Liquidity pool rewards can be paid in the form of pool assets (e.g., DAI in an ETH/DAI pool), or in the form of a platform’s unique token (e.g., UNI for Uniswap). Some protocols even issue liquidity provider (LP) tokens to depositors, and these LP tokens can be staked on the platform for compounded rewards.
Yield farming process
Imagine a lending protocol that offers 5% APY on the DAI stablecoin. A user can deposit 100 DAI to take advantage of that yield.
However, they learn that a DEX offers 8.5% APY for DAI deposited into a liquidity pool. Because the user wants to optimize their crypto rewards, they move their 100 DAI from the lending protocol to the DEX.
If the DEX’s DAI APY ever goes below 5%, they can rotate their original purchases, plus earnings, back into the lending protocol. In doing so, they become a yield farmer.
What are some dapps that can be used for yield farming?
Staking is possible on multiple blockchains including Ethereum, Cardano, Polkadot, Solana, Polygon, and Avalanche. Unlike other yield generating practices, staking is not always reliant on a specific decentralized applications (dapps) and instead can be performed through a wallet or by directly interacting with a smart contract. Some platforms even offer staking by delegating if users are not able to provide enough capital to meet the minimum staking requirement.
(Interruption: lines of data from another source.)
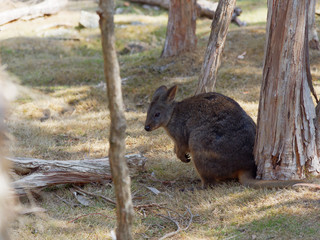 Hiding wallaby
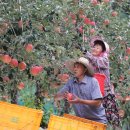 삼애농원 이미지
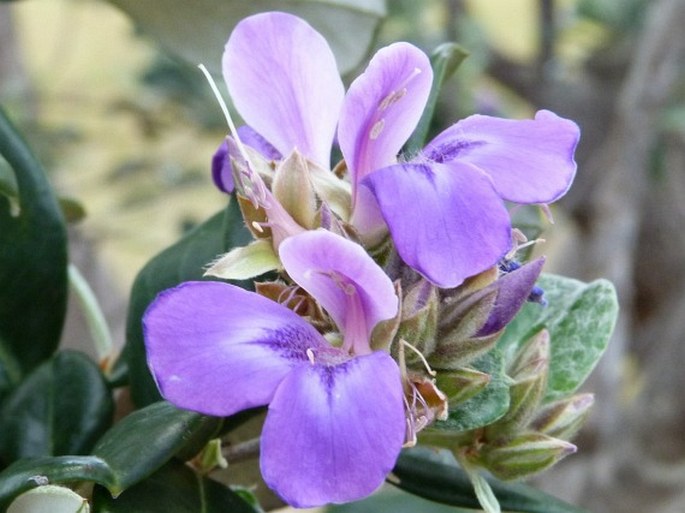 Euphronia guianensis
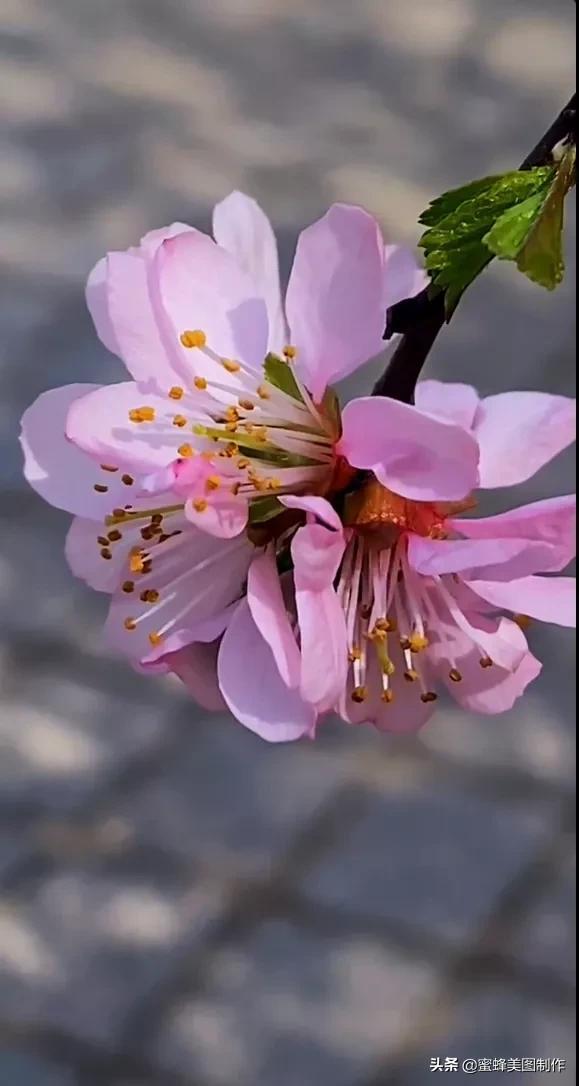 一花一世界，姹紫嫣红，婀娜多姿，带来了美好的心情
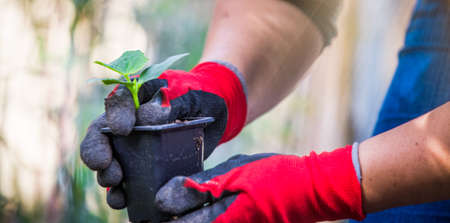 Organic planting spring vegetable gardenの写真素材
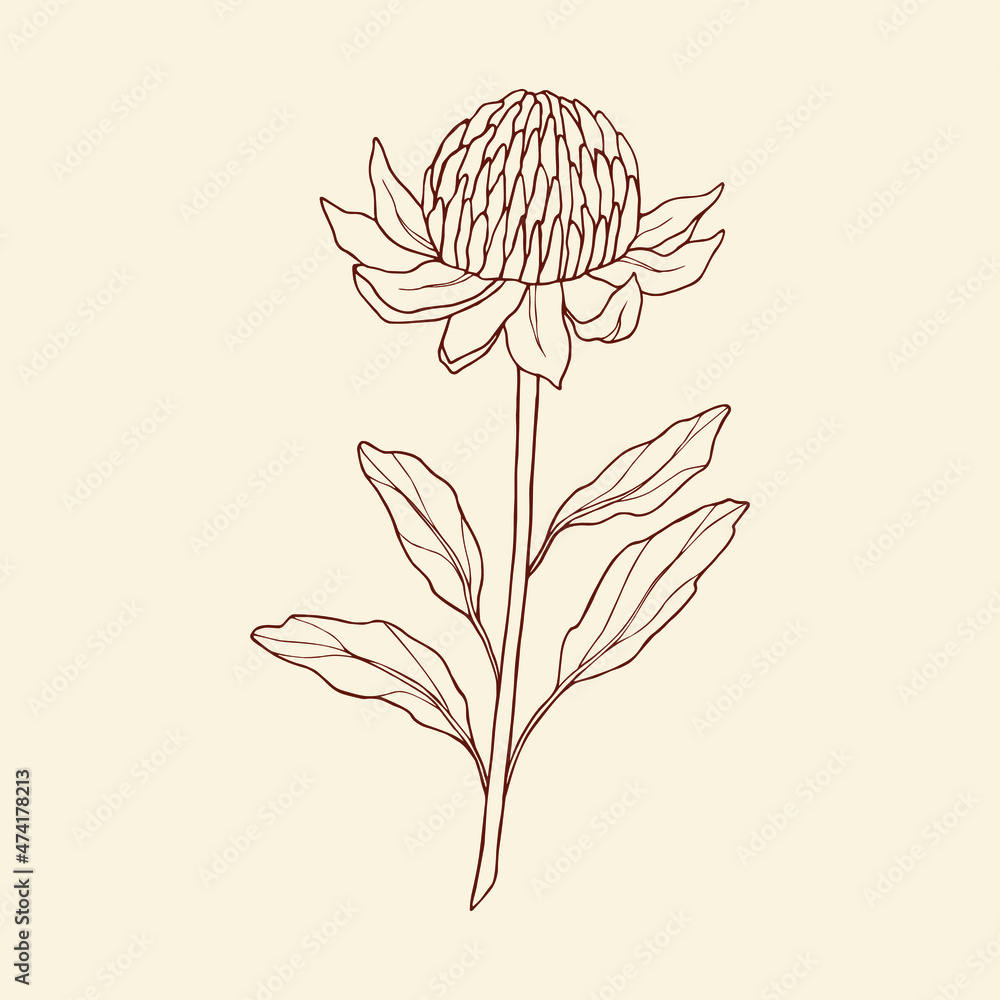 Hand drawn waratah illustration. Australian native flower Stock Vector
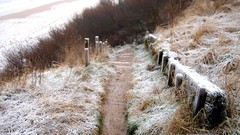 Landscapes nature grass winter coast Scotland frost fences paths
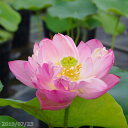 仏足蓮 10号 開花及び開花見込み株 【花蓮、花ハス】【大型品種】【中型容器(12号)以上栽培品種】【好日性宿根草】【送料無料】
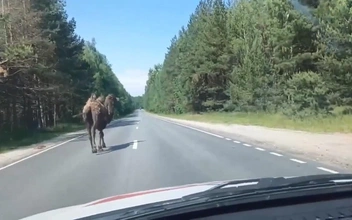 На трассе в Нижегородской области заметили верблюда Вадика. Он научился грудью ломать забор вольера и сбегать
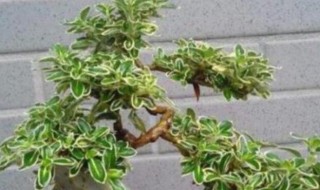 六月雪盆景怎么养?（冬天六月雪盆景怎么养）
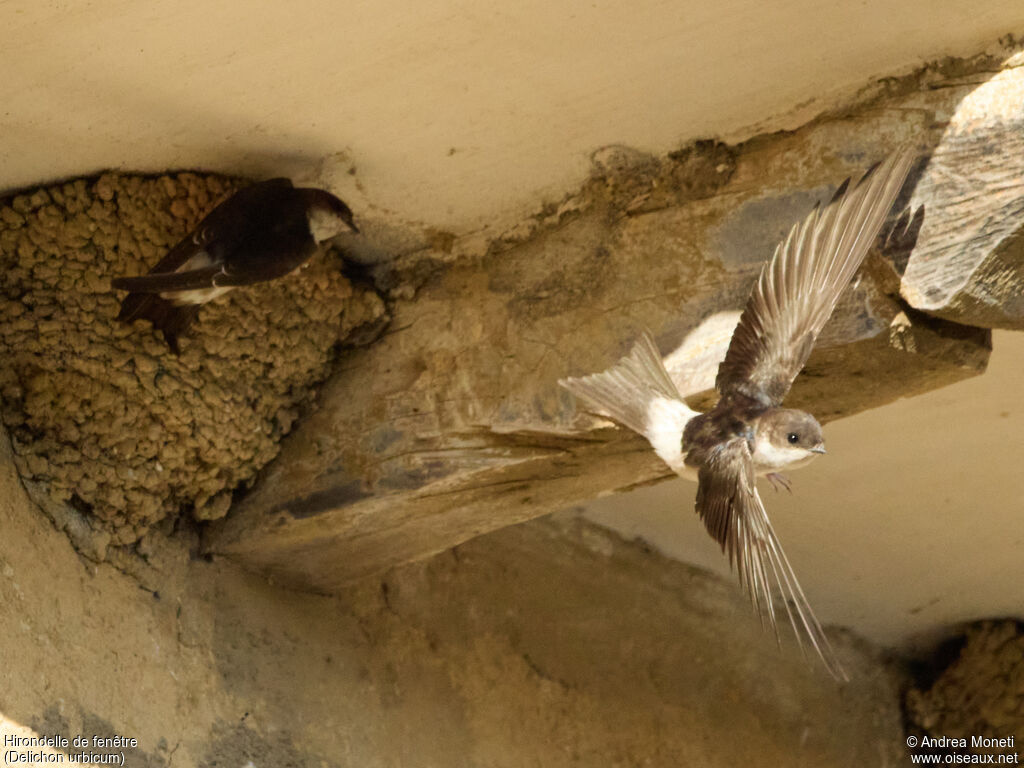 Western House Martinjuvenile, Flight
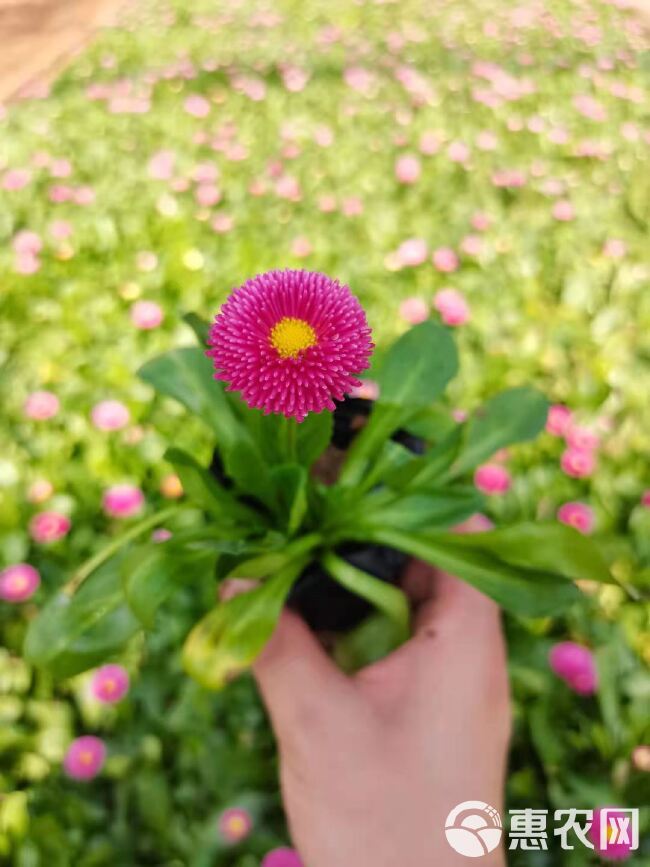  雏菊价格，马兰头花供货，春菊批发，山东雏菊基地种植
For lending, two of the most popular platforms are Maker, who offers overcollateralized crypto-backed loans of its DAI stablecoin, and Aave, which offers a rich marketplace for lending and borrowing many different cryptocurrencies.
Decentralized exchanges that use AMMs create the opportunity for users to provide liquidity. These include Curve’s stablecoin DEX, Uniswap, Sushiswap, Compound, and Balancer. Each of these differs in how it rewards its users for becoming liquidity providers, and all offer rewards in their own tokens to drive further use of the platforms.
Further, it is worth mentioning three dapp aggregators that can be used to track blockchain data and find the best farming opportunities:
DappRadar – a website that collects information about dapps according to blockchain and category.
DeFi Llama and DeFi Pulse – websites that focus specifically on DeFi platforms and track important information like total volume locked (TVL) and yield offerings.
Yield farming essentials
Yield farming is similar to finding the bank account with the highest interest rate; it involves choosing DeFi protocols with high gains and locking crypto in them.
There are three primary ways to generate yield through using cryptocurrency: staking, lending, and providing liquidity.
Whereas staking can be accomplished by interacting directly with a blockchain platform or through delegation, lending is done through protocols like Maker and Aave, and DEXes like Curve and Uniswap offer the opportunity to provide liquidity to generate yield.